Après avoir utilisé LVM de façon assez intensive, je vous assure qu'il est rare d’être ennuyé avec cet outil. Voici néanmoins quelques astuces pour éviter les rares pièges dans lesquels vous pourriez tomber.

Absence des devices dans /dev

Au niveau de LVM, tout semble OK. (la commande vgs vous affiche bien vos groupe de volume par exemple). Mais les fichiers habituellement présent dans /dev ne sont plus la. Impossible donc de monter le système de fichier, puisque la commande mount ne trouve pas "/dev/nom_vg/nom_lv".

Deux causes possibles. Soit les groupes de volumes sont bien actifs, mais quelqu'un à malencontreusement effacé les devices. La commande suivante va les re-créer automatiquement : vgmknodes

Si cette commande ne fonctionne pas, vous êtes probablement dans le deuxième cas de figure, et que c'est le groupe de volume lui même qui n'est pas activé. Cela se produit par exemple quand le groupe de volume n'a pas pu être lancé au démarrage de la machine, et que le PV à été "ajouté" ensuite (ré-assemblage d'un raid après le démarage de l'OS par exemple). La encore, la solution est très facile, il suffit d'activer le groupe de volume avec : vgchange -a y nom_du_vg. Le y permet d'activer, un n permet au contraire de rendre le groupe inactif. Les entrés dans /dev sont crées et supprimés automatiquement.Notez qu'il est aussi possible d'activer ou de désactiver chaque volumes logique indépendamment les uns des autres (lvchange -a y nom_du_lv).

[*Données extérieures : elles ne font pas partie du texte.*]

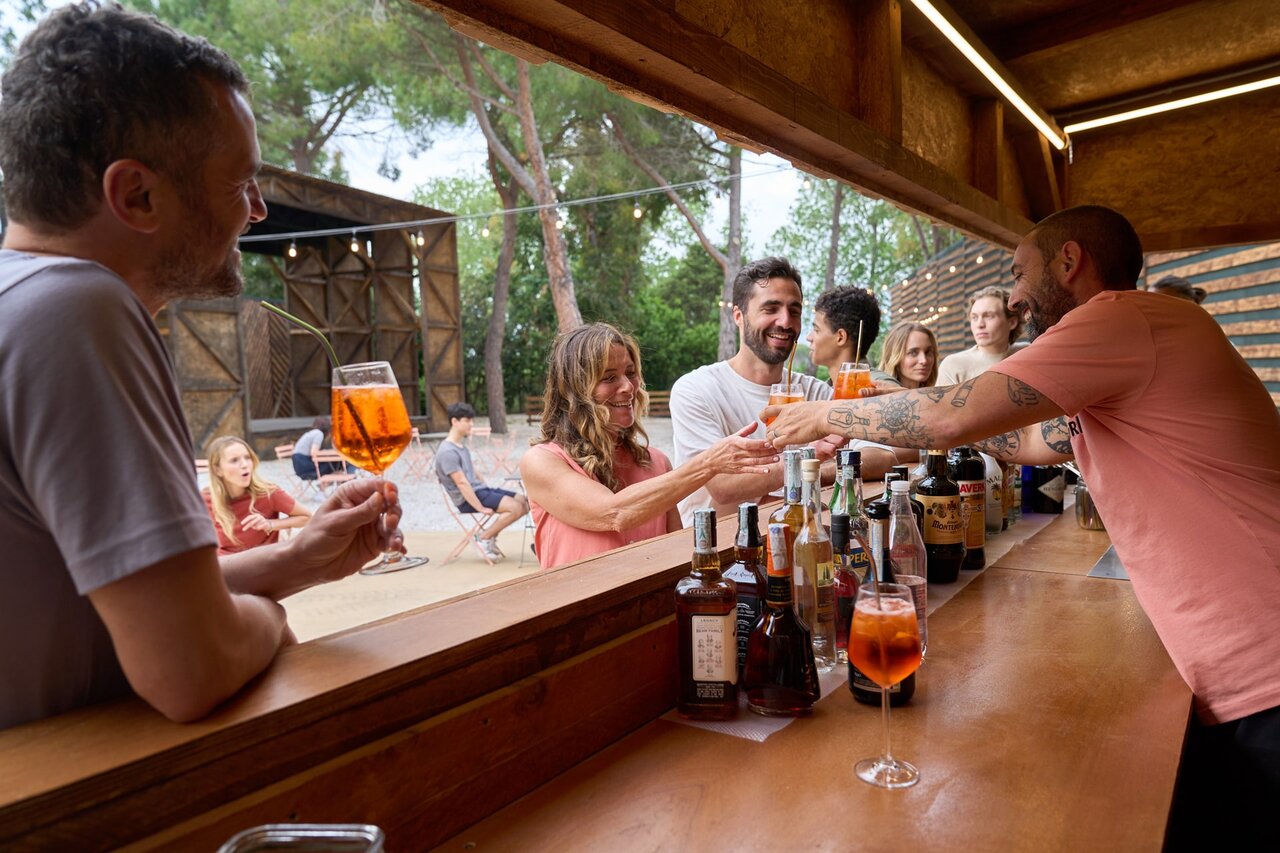 Lively outdoor bar with guests and bartender at CAPFUN Campo dei Fiori campsite in Rosignano Marittimo (57).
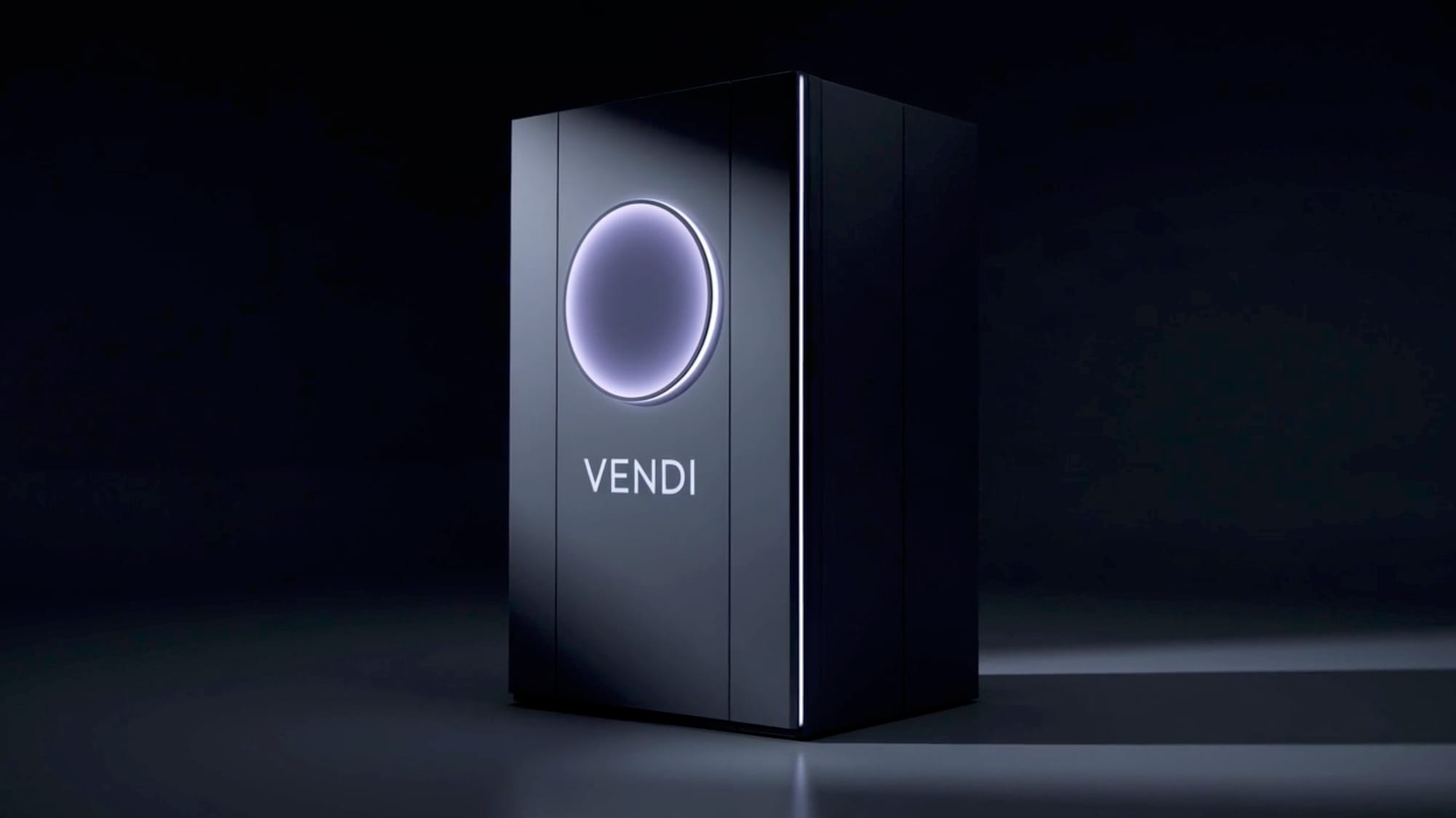 The Vendi machine: a dark cabinet with a glowing round window and the word VENDI.
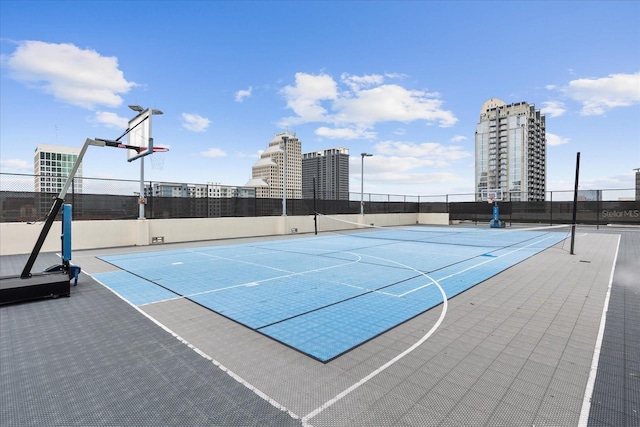 view of sport court with community basketball court and fence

Mieux sécuriser les méta data sur les disques

Si vous n'avez pas beaucoup de "disques" (PV) dans vos groupes de volumes, il est préférable que les méta données LVM soient présentes en plusieurs exemplaires sur les disques. C'est évidement encore plus vrai si il n'y a qu'un seul disque dans le groupe, ce qui est généralement le cas lorsqu'on utilise un stockage en raid. Attention, il n'y a qu'au moment de la création du disque physique avec la commande pvcreate que l'on peut indiquer le nombre de copie souhaité (0, 1 ou 2) pour les méta données. L'option à utiliser est "--pvmetadatacopies", 1 étant la valeur par défaut. EDIT : Attention, une deuxième copie des meta-données peut toutefois poser problème dans certains cas, voir ici.

Surveiller et analyser l'utilisation des disques

Si vous aussi vous aimez bien savoir ou sont vos données, l'option -m de pvdisplauy (et lvdisplay) est faite pour vous. Ces informations sont aussi disponibles dans les fichiers /etc/lvm/backup/*, mais l'affichage de pvdiplay -m pv est plus lisible.

Si vous avez des problèmes de performances sur les disques, vous allez probablement vouloir utiliser des outils comme iostat. Malheureusement, lorsque on utilise LVM, on utilise le device mapper. C'est aussi le cas lorsque l'on fait du chiffrement etc. Au final, la commande iostat ne vous affichera donc plus seulement des disques (/dev/sdX) mais des devices de la forme "/dev/dm-X". Chaque device correspondant à des volumes logiques différents, mais il n'est pas toujours facile de faire le lien, et donc de trouver quel volume logique est le plus sollicité par exemple.

Pour cela, j'ai écrit ce tout petit script. Il vous permettra d'obtenir les informations d'un iostat, mais en remplaçant les devices "dm-X" par le nom des volumes logiques. Il peut s'utiliser de deux façon différentes. Sans arguments, son affichage correspondra alors à la sortie d'un iostat -k 1 2. Il est aussi possible de lui donner le nom d'un "dm-X", et il vous donnera l'équivalent LVM. Exemple :

# ./lvmiostat dm-1

Le volume correspondant est : ovg-cam

Ici, le device "dm-1" correspond donc au volume logique cam, du groupe de volume ovg.